Cette initiative, relayée notamment par un tweet du journaliste Benjamin Mkapa, témoigne de la volonté du gouvernement de repositionner la RDC comme une destination touristique de choix​. Cependant, la campagne "Explorez la RDC, cœur de l'Afrique" a suscité de nombreuses interrogations. Pour de nombreux observateurs, cette promotion seule ne peut suffire à surmonter les faiblesses structurelles et les défis majeurs auxquels le secteur touristique est confronté.

Infrastructures et accès aux financements

Selon le rapport 2023 de la Banque Africaine de Développement (BAD), la RDC dispose d’un réseau routier de 152 000 km, dont une faible portion est praticable, rendant difficile l’accès aux nombreux sites touristiques du pays. Le Plan Directeur National Intégré des Transports et son Programme Prioritaire 2021-2025 soulignent l’importance d’impliquer le secteur privé pour pallier le déficit d’infrastructures et renforcer la connectivité à travers le territoire​.

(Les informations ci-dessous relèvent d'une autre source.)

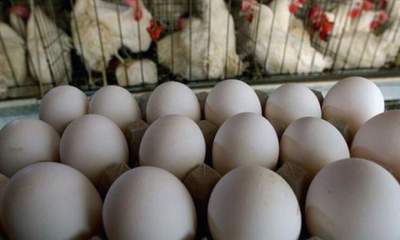مردم به شایعات توجه نکنند؛ قیمت مرغ، تخم‌مرغ و شیر تغییری نکرده است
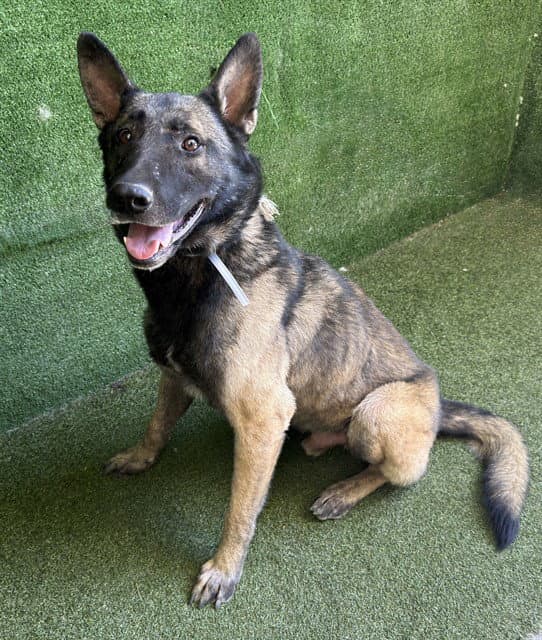 John Wick - Belgian Shepherd Malinois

Cependant, le financement du secteur touristique demeure un problème majeur. Actuellement, la RDC ne mobilise qu’un total de 495,1 millions d'USD de financements climatiques, dont seulement 3% proviennent du secteur privé​. Cette mobilisation limitée des ressources financières complique les investissements nécessaires au développement des infrastructures touristiques, freinant ainsi le potentiel économique que ce secteur pourrait apporter.

Faiblesse de la coordination intersectorielle

Le secteur touristique en RDC souffre également d’un manque de coordination intersectorielle. Des domaines tels que l’environnement, la culture, les transports et les infrastructures devraient collaborer pour promouvoir un tourisme durable et développer une vision stratégique commune. Cependant, l'absence de synergie entre les ministères concernés et les faiblesses institutionnelles empêchent la mise en œuvre de projets touristiques cohérents.

Le rapport de la BAD souligne l’importance du rôle du ministère de l’Environnement dans la mobilisation des ressources et la formation des compétences nécessaires au développement du tourisme vert. Pourtant, cette mobilisation reste insuffisante, en raison du manque de coordination et d’une vision stratégique claire​.

Dépendance aux financements publics

La majeure partie des financements pour le développement du secteur touristique en RDC provient de sources publiques. En 2022, le gouvernement congolais a mobilisé 480,8 millions d'USD en financements publics, tandis que le secteur privé n'a contribué qu'à hauteur de 14,3 millions d’USD, soit seulement 3% du total​. Cette dépendance vis-à-vis des fonds publics souligne un manque de participation du secteur privé, pourtant crucial pour stimuler l’industrie touristique et encourager une croissance durable.

Enjeux économiques et sociaux

L’exploitation du potentiel touristique de la RDC pourrait entraîner d’importantes retombées économiques et sociales. Outre la création d'emplois, le tourisme durable pourrait contribuer à la préservation de l’environnement et à la valorisation des cultures locales. Cependant, en l'état actuel, le secteur est freiné par des faiblesses structurelles, un manque de ressources et des infrastructures inadéquates.

La RDC, qui est engagée dans la lutte contre le changement climatique, a récemment mis en place des mécanismes de financement vert. Néanmoins, la mobilisation des fonds reste difficile, et la part du financement privé dans ce secteur demeure marginale. Le pays doit surmonter de nombreux défis pour intégrer le secteur privé et encourager des investissements durables, notamment dans le domaine touristique​.

Un secteur à fort potentiel mais fragilisé

Malgré les vastes richesses naturelles et la diversité de ses paysages, la RDC n’a pas encore su s’imposer comme une destination touristique majeure. La récente campagne de promotion "Explorez la RDC, cœur de l'Afrique" illustre les efforts entrepris pour changer la perception du pays. Toutefois, entre les contraintes financières, les infrastructures défaillantes, le manque de coordination stratégique et la faiblesse de la participation du secteur privé, le chemin vers un développement touristique durable en RDC reste parsemé d'obstacles.